▶ _Exercise directions_: With the pictures left out, restate every entry word for word.
········
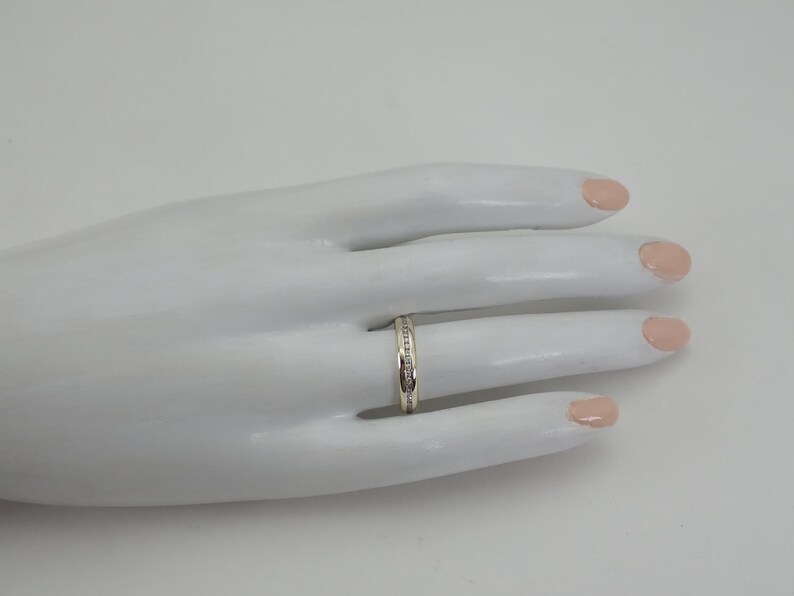 May include: A thin silver band with a row of small diamonds set into the band.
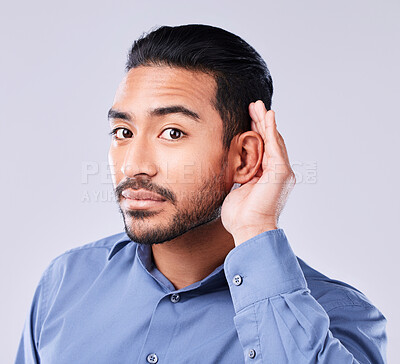 Buy stock photo Hands, ear and portrait of asian man in studio for gossip, listening or speak up sign on grey background. Hearing, secret and face of Japanese guy model with emoji icon for deaf, sign language or huh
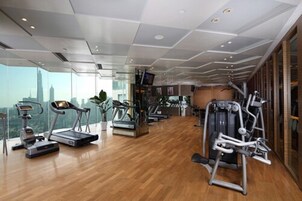 A modern gym with treadmills, elliptical machines, and weight equipment.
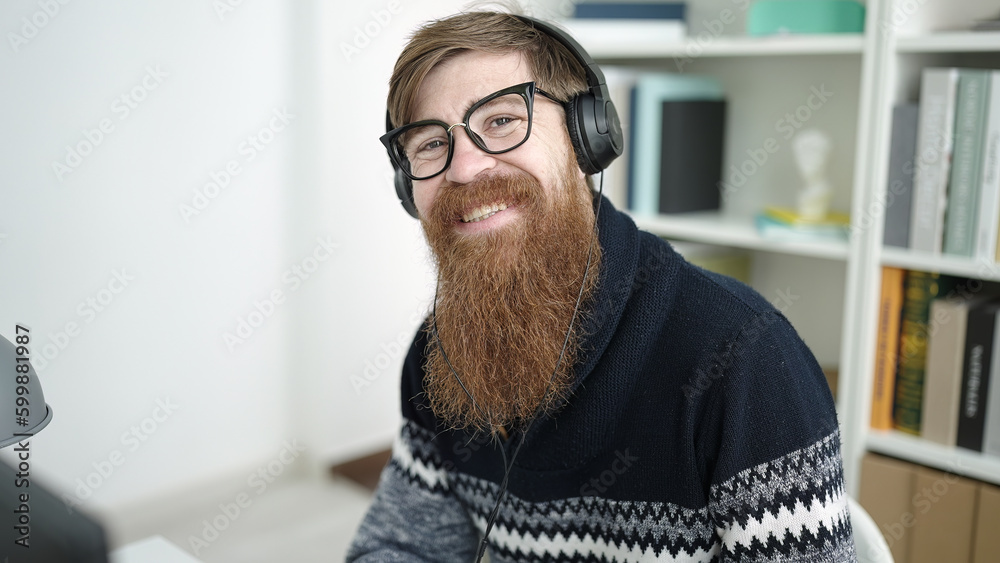 Naklejka premium Young redhead man student using computer and headphones studying at library university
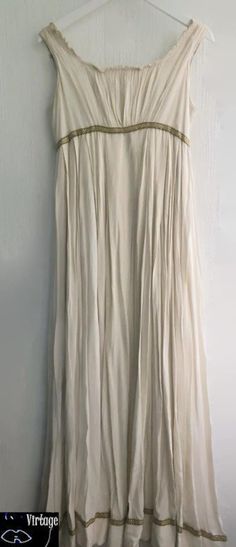 Dress Antique greek dress Empire white theatre costume dress gown siZe s  lenght from waist line (lifted waistline) 107cm Double layered dress heavy falling viscose Lining cotton upper non stretchy  Gold Antique trimming  Condition good, some marks of time Roman Dress Ancient, Roman Women Dress, Ancient Rome Clothing, Ancient Greek Dress, Ancient Egyptian Fashion, Greek Style Dress, 20’s Fashion, Ancient Greek Clothing, Roman Dress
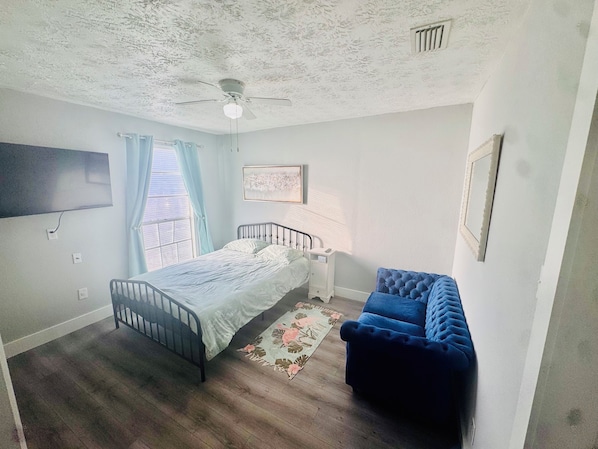 Une chambre à coucher comprenant un lit, une table de chevet, une chaise bleue, un ventilateur de plafond et un téléviseur fixé au mur.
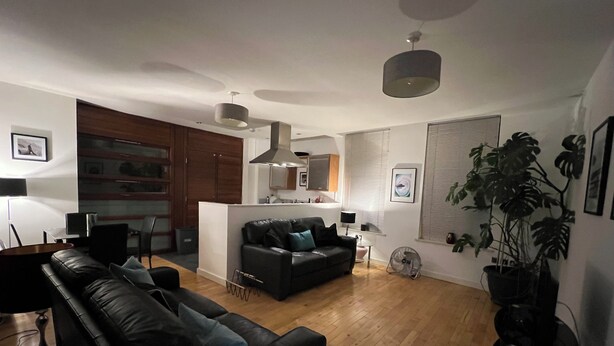 Un salon moderne avec un canapé en cuir noir, un coin repas avec une table en bois et une cuisine en arrière-plan.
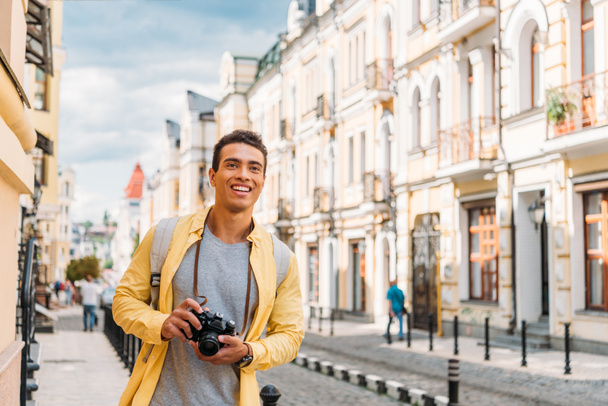 cheerful mixed race man smiling while holding digital camera near buildings  - 写真・画像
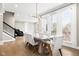 Bright dining room with a stone table and a view of the staircase and outdoor scenery at 14872 Autumn View Way, Fishers, IN 46037
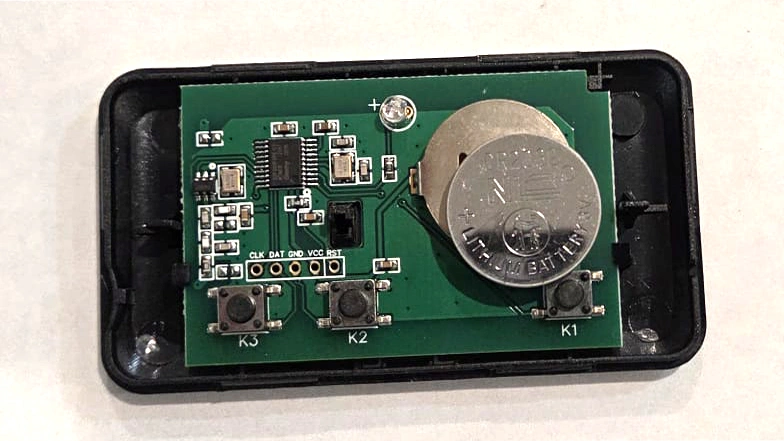 Remote cover is open, and the old battery has been removed.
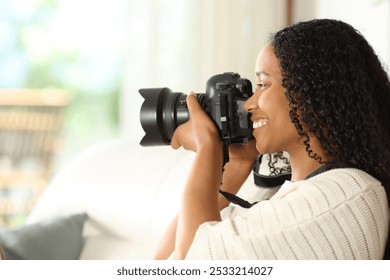 Profile of a black photographer taking photos with dslr camera at home - Powered by Shutterstock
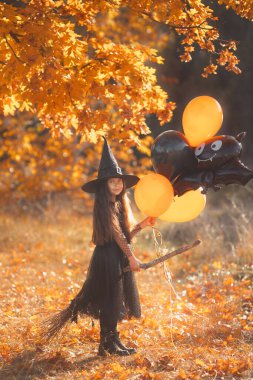 Süpürgeli, siyah turuncu balonlu, uzun kahverengi saçlı güzel bir kız sonbahar ormanında yürüyor.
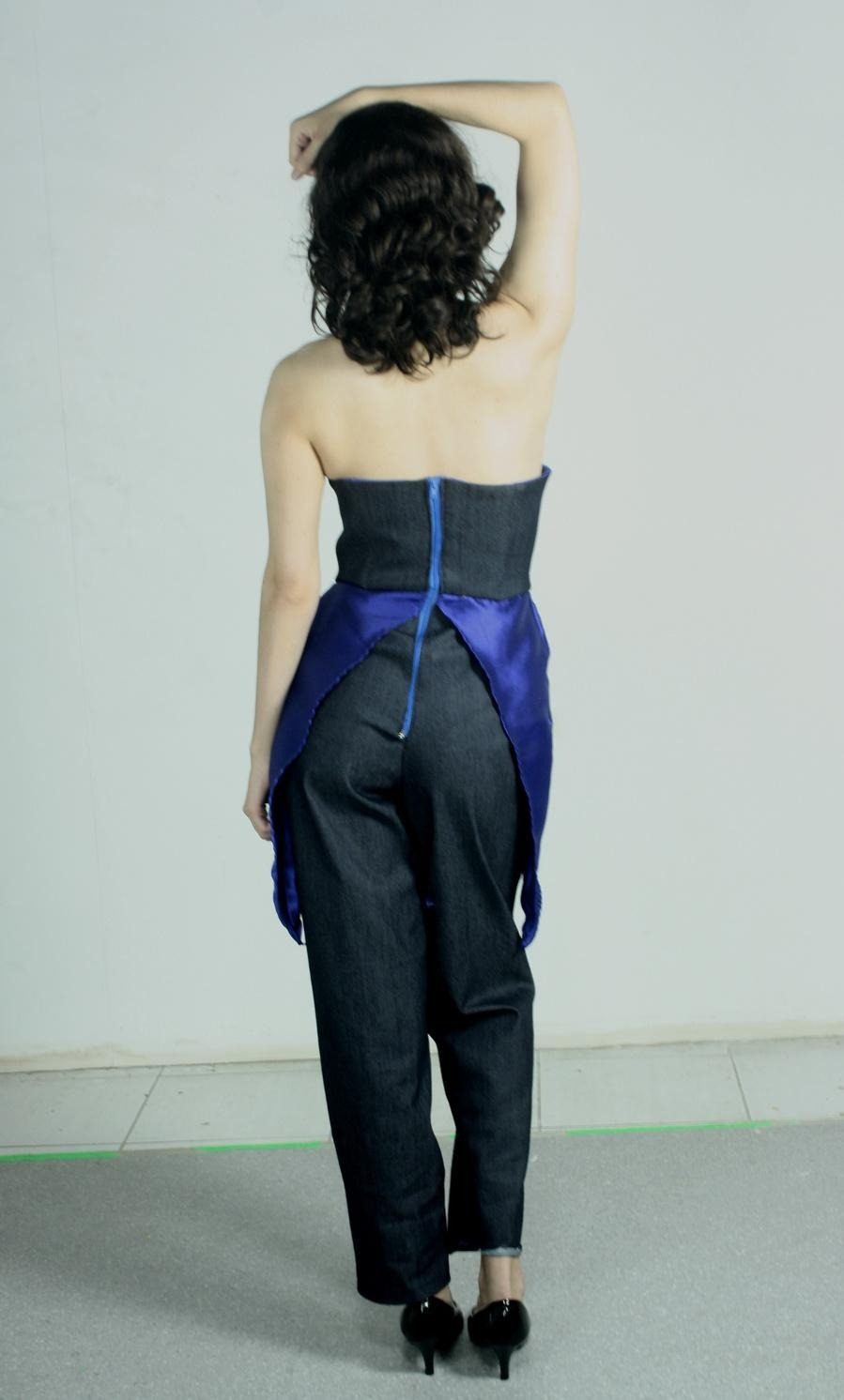 Modelo com macacão de jeans e sobressaia azul, mãos na cintura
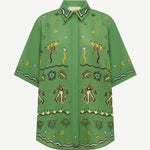 The green, relaxed fit Sun Dancer Shirt features a button-up front and an embroidered pattern of stars, moons, and abstract floral motifs.
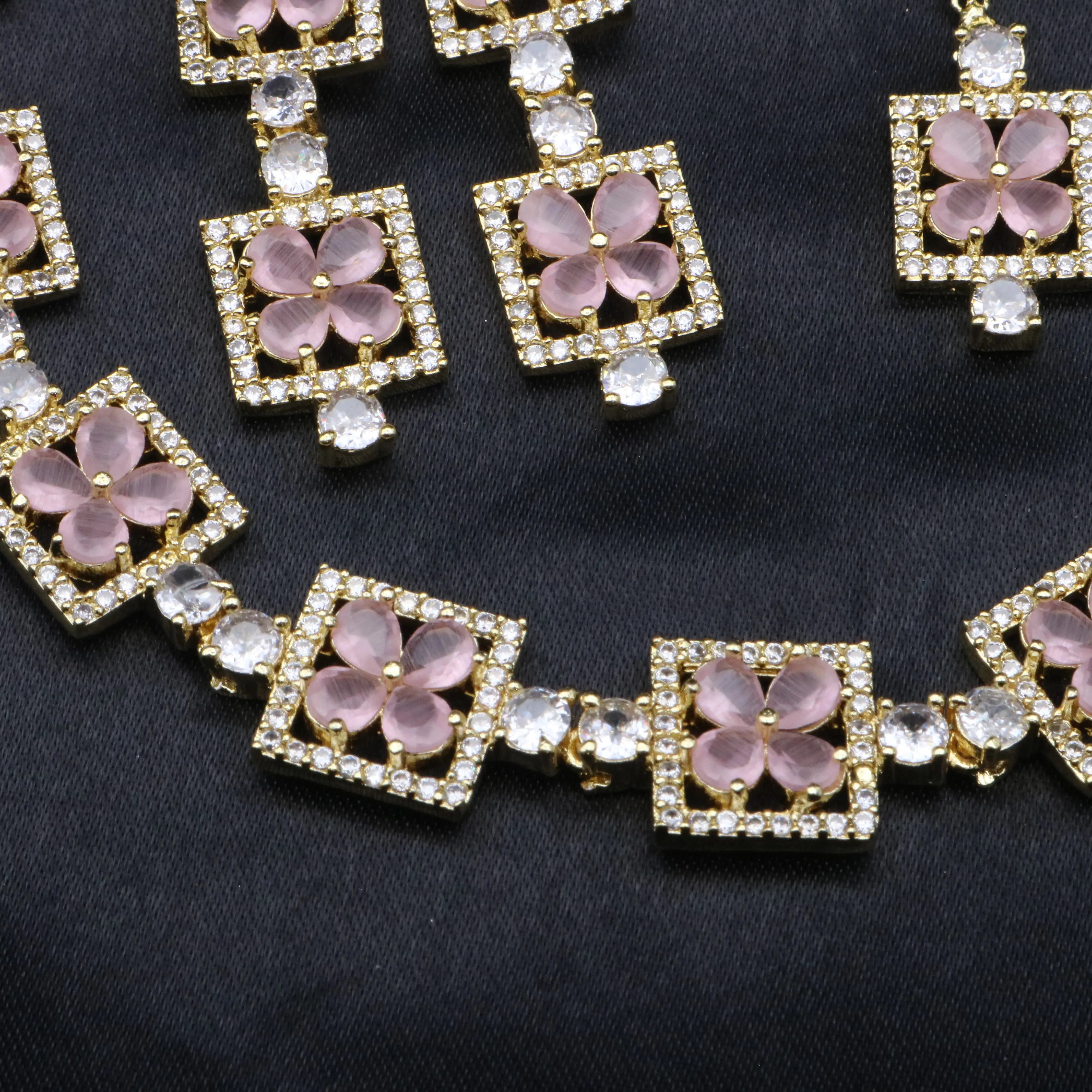 Detailed view of Fleur rose pink CZ necklace showcasing petal cut stones and pavé borders.
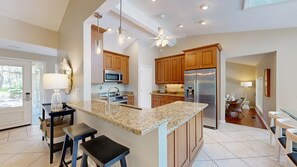 Fully Stocked Kitchen with Bar Seating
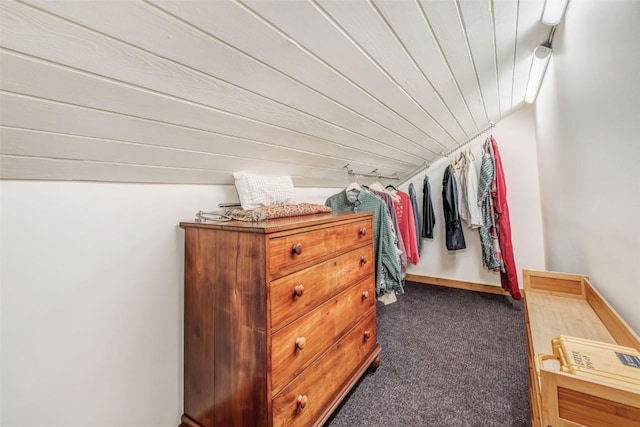 walk in closet with vaulted ceiling and dark colored carpet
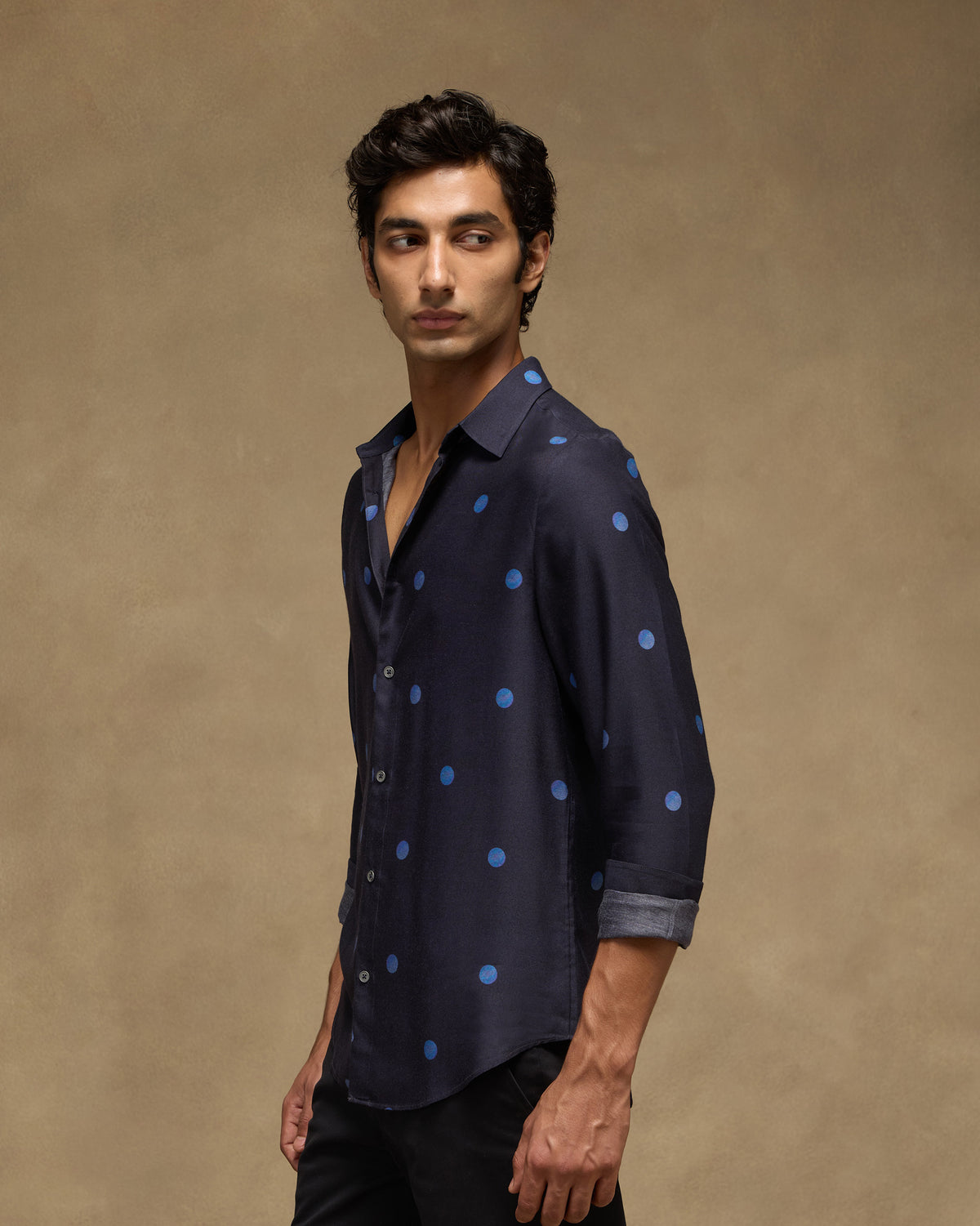 Side profile of a dark navy Daze shirt with a blue dot print.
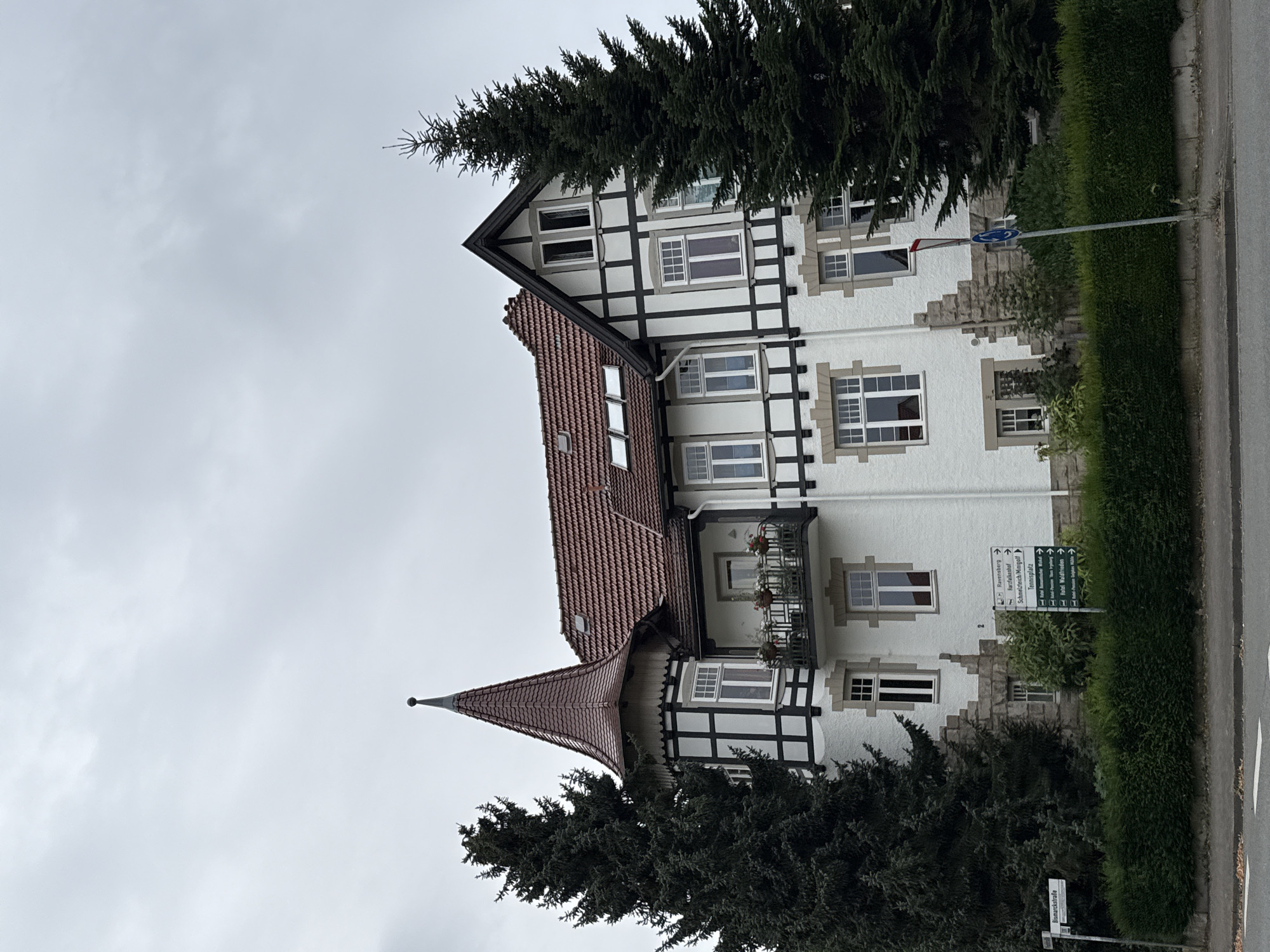 The image shows a large, white building with a dark, timber-framed upper story and a red-tiled roof. The building has several windows, a balcony, and a prominent conical turret with a spire. Two large evergreen trees flank the building. In front of the building, there is a dense green hedge. A paved road is visible in the foreground. A street sign in German that reads "Bismarckstraße" is to the left of the building. To the right of the building, a directional signpost with several green signs pointing to various locations, including "Ravensberg", "Karzafalkenhof", and "Hotel Waldrieden," is visible. The sky is overcast and gray. The scene depicts a building in Bad Sachsa, Germany.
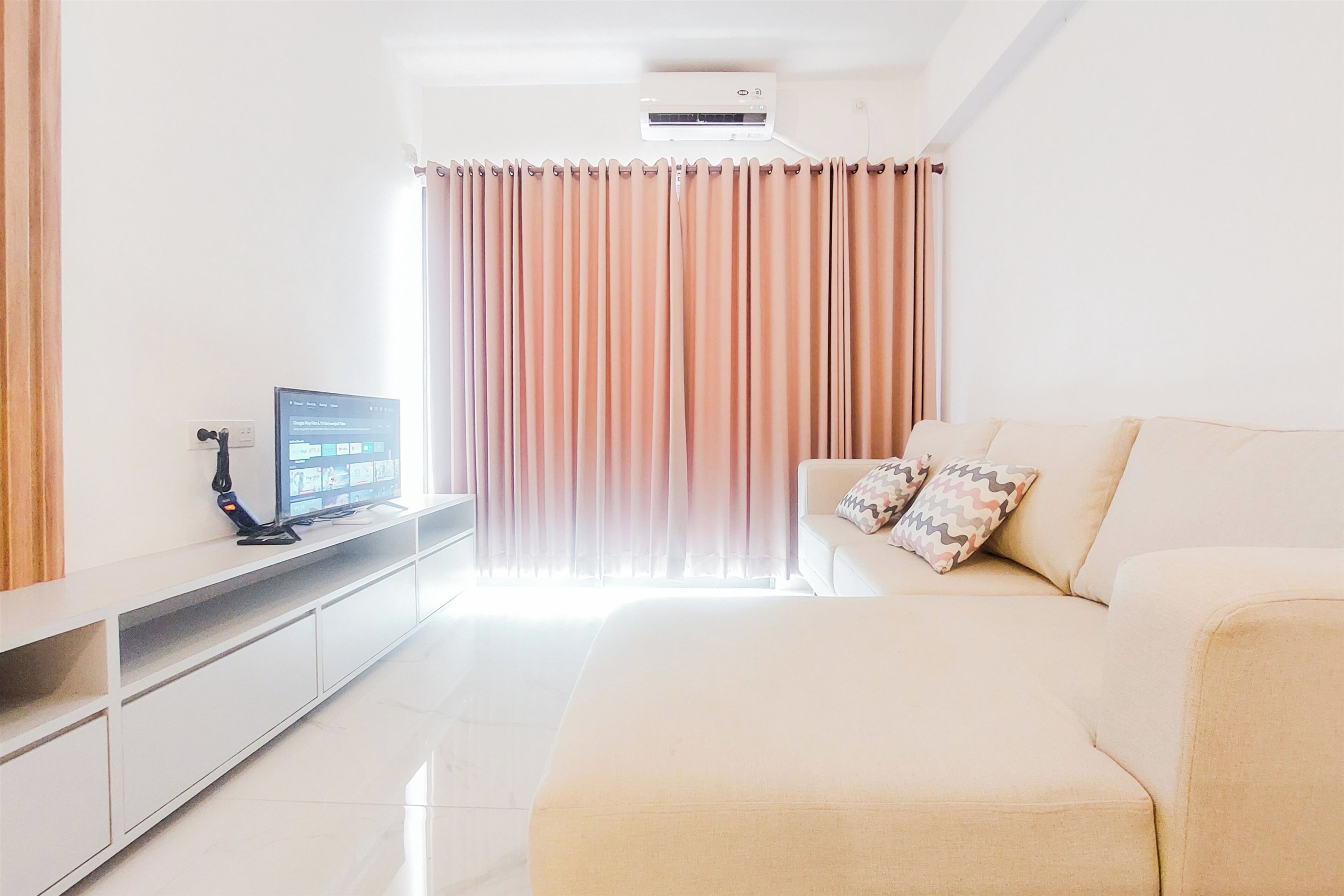 Una sala de estar moderna con un sofá, un televisor sobre un mueble bajo y un ventanal con cortinas.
········
▶ _Worked solution_:
 May include: A thin silver band with a row of small diamonds set into the band.
 Buy stock photo Hands, ear and portrait of asian man in studio for gossip, listening or speak up sign on grey background. Hearing, secret and face of Japanese guy model with emoji icon for deaf, sign language or huh
 A modern gym with treadmills, elliptical machines, and weight equipment.
 Naklejka premium Young redhead man student using computer and headphones studying at library university
 Dress Antique greek dress Empire white theatre costume dress gown siZe s  lenght from waist line (lifted waistline) 107cm Double layered dress heavy falling viscose Lining cotton upper non stretchy  Gold Antique trimming  Condition good, some marks of time Roman Dress Ancient, Roman Women Dress, Ancient Rome Clothing, Ancient Greek Dress, Ancient Egyptian Fashion, Greek Style Dress, 20’s Fashion, Ancient Greek Clothing, Roman Dress
 Une chambre à coucher comprenant un lit, une table de chevet, une chaise bleue, un ventilateur de plafond et un téléviseur fixé au mur.
 Un salon moderne avec un canapé en cuir noir, un coin repas avec une table en bois et une cuisine en arrière-plan.
 cheerful mixed race man smiling while holding digital camera near buildings  - 写真・画像
 Bright dining room with a stone table and a view of the staircase and outdoor scenery at 14872 Autumn View Way, Fishers, IN 46037
 Remote cover is open, and the old battery has been removed.
 Profile of a black photographer taking photos with dslr camera at home - Powered by Shutterstock
 Süpürgeli, siyah turuncu balonlu, uzun kahverengi saçlı güzel bir kız sonbahar ormanında yürüyor.
 Modelo com macacão de jeans e sobressaia azul, mãos na cintura
 The green, relaxed fit Sun Dancer Shirt features a button-up front and an embroidered pattern of stars, moons, and abstract floral motifs.
 Detailed view of Fleur rose pink CZ necklace showcasing petal cut stones and pavé borders.
 Fully Stocked Kitchen with Bar Seating
 walk in closet with vaulted ceiling and dark colored carpet
 Side profile of a dark navy Daze shirt with a blue dot print.
 The image shows a large, white building with a dark, timber-framed upper story and a red-tiled roof. The building has several windows, a balcony, and a prominent conical turret with a spire. Two large evergreen trees flank the building. In front of the building, there is a dense green hedge. A paved road is visible in the foreground. A street sign in German that reads "Bismarckstraße" is to the left of the building. To the right of the building, a directional signpost with several green signs pointing to various locations, including "Ravensberg", "Karzafalkenhof", and "Hotel Waldrieden," is visible. The sky is overcast and gray. The scene depicts a building in Bad Sachsa, Germany.
 Una sala de estar moderna con un sofá, un televisor sobre un mueble bajo y un ventanal con cortinas.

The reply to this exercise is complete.